● What to produce:
Entries follow. Give back exactly the lines starting at the one containing "Tote bag lino modelo azul" and ending at the one containing "Pierre Cardin Anzug", and no other lines.

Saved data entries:
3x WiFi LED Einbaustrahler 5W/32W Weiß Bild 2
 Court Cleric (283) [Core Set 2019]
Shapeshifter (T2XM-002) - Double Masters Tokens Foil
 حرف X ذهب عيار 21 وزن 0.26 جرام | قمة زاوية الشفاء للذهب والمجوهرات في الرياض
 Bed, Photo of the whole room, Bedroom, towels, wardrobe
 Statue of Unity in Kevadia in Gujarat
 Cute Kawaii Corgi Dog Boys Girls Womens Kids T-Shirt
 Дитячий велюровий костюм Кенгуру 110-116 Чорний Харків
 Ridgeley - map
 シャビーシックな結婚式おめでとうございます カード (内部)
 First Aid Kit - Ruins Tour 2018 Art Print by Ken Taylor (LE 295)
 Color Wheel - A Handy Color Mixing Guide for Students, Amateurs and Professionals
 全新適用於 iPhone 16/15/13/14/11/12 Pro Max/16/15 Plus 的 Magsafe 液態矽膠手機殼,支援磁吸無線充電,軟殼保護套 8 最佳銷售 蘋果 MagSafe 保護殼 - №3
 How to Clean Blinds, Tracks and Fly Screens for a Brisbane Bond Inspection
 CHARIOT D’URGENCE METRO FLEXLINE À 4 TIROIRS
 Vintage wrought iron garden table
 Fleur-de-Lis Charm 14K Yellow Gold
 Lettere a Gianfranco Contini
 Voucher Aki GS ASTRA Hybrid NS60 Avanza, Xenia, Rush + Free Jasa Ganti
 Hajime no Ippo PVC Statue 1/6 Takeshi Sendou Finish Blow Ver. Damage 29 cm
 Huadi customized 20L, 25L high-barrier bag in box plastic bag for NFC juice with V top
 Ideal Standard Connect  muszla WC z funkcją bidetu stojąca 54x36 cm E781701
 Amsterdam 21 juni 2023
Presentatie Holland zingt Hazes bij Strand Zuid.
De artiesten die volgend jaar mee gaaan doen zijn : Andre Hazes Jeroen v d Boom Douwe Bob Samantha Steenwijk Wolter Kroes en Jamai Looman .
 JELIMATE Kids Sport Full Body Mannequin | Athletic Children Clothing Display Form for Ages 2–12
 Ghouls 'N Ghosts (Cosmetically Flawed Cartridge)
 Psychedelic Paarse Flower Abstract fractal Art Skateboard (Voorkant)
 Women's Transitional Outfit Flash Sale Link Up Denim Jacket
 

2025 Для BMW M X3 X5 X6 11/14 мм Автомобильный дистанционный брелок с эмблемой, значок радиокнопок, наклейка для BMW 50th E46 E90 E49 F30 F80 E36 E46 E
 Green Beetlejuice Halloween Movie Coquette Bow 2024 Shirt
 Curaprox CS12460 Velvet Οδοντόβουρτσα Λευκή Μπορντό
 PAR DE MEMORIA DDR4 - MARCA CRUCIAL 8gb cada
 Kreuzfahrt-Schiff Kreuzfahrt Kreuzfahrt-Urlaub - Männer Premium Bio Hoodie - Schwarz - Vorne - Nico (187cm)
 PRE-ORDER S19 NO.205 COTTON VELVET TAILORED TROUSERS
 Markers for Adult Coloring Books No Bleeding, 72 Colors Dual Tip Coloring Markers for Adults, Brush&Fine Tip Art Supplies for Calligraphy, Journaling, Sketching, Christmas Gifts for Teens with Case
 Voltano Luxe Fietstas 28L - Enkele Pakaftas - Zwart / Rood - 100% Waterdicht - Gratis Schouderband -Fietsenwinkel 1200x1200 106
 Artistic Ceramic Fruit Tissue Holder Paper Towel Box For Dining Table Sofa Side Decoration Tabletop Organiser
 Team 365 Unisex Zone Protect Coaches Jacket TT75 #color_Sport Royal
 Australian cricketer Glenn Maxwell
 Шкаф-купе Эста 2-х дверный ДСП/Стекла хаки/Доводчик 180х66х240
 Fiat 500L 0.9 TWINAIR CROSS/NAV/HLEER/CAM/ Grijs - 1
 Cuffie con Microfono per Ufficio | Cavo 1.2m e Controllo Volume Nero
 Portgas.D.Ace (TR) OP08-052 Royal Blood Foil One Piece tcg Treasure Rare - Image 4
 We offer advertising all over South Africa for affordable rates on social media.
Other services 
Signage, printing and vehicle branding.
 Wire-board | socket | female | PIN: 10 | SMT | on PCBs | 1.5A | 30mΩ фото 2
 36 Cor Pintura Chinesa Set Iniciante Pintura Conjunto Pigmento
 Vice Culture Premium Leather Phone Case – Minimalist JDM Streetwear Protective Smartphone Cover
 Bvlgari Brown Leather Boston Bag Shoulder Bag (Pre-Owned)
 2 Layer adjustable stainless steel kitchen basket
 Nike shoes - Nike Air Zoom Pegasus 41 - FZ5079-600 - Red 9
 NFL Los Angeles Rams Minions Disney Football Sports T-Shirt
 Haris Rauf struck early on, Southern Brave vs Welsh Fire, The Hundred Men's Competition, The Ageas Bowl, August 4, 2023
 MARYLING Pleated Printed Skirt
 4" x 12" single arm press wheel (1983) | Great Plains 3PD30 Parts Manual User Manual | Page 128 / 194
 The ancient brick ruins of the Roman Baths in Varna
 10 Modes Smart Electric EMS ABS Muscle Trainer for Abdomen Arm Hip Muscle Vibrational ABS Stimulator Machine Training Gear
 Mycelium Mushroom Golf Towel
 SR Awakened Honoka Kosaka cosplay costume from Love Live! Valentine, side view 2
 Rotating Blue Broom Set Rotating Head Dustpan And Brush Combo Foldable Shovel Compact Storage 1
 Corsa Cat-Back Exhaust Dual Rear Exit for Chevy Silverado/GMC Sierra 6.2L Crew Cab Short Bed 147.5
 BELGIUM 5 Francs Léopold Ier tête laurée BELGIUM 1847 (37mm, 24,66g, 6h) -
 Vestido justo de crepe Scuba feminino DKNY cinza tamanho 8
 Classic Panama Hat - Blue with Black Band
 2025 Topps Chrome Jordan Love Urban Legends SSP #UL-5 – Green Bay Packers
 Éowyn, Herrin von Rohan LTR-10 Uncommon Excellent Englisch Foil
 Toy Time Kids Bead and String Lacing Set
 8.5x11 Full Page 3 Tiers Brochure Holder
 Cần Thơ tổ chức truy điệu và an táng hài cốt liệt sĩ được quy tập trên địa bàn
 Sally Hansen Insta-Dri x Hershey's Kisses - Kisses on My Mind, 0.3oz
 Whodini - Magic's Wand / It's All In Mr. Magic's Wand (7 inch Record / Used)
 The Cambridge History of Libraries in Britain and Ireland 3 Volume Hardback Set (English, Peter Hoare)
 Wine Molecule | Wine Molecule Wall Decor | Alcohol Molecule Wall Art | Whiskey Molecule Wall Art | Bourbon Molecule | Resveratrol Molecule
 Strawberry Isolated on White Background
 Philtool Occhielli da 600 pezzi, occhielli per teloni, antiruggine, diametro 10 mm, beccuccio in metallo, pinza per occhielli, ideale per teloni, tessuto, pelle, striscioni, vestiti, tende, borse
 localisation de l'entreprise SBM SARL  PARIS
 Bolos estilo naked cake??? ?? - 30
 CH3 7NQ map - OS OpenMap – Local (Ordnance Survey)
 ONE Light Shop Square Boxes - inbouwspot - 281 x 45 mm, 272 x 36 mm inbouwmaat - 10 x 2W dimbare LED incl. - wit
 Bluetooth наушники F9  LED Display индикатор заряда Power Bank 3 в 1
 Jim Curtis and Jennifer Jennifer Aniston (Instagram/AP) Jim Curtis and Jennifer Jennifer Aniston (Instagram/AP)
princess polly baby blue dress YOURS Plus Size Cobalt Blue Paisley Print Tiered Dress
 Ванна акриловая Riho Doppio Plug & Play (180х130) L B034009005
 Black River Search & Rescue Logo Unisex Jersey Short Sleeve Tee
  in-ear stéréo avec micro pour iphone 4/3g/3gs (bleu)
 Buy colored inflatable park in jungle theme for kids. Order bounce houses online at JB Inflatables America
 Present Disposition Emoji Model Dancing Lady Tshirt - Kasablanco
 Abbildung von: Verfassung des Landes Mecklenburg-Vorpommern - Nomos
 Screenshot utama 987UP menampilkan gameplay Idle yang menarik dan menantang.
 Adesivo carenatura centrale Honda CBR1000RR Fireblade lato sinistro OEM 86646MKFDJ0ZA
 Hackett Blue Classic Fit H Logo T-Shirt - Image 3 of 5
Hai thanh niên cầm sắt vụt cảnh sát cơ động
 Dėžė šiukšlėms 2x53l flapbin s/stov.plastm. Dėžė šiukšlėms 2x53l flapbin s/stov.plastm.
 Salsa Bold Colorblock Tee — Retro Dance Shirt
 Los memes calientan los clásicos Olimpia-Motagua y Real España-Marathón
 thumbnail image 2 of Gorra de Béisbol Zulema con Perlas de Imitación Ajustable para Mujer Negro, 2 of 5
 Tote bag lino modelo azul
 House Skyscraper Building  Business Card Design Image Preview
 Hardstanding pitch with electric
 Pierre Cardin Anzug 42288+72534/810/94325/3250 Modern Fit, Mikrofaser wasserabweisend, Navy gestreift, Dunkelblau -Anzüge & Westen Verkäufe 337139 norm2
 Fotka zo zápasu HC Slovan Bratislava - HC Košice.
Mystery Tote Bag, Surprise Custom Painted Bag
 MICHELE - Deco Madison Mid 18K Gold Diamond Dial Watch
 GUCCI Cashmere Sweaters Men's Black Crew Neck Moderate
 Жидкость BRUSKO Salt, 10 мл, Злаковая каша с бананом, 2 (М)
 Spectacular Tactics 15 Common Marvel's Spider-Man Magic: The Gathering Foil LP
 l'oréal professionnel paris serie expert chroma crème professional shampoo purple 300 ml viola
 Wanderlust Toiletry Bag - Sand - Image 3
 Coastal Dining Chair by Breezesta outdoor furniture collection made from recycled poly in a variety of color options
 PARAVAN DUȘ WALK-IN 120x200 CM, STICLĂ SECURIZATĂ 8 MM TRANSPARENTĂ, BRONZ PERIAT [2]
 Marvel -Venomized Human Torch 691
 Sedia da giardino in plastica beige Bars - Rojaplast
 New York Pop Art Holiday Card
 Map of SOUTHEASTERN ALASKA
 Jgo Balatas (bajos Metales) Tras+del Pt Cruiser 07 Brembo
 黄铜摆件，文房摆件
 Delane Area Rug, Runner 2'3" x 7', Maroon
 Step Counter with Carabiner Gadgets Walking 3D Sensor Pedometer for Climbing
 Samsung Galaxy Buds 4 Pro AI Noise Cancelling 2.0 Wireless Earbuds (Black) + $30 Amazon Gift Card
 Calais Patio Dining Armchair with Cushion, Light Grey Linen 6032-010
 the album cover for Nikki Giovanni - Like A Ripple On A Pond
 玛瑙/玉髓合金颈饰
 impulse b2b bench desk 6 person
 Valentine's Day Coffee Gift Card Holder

● Answer below:
 Tote bag lino modelo azul
 House Skyscraper Building  Business Card Design Image Preview
 Hardstanding pitch with electric
 Pierre Cardin Anzug 42288+72534/810/94325/3250 Modern Fit, Mikrofaser wasserabweisend, Navy gestreift, Dunkelblau -Anzüge & Westen Verkäufe 337139 norm2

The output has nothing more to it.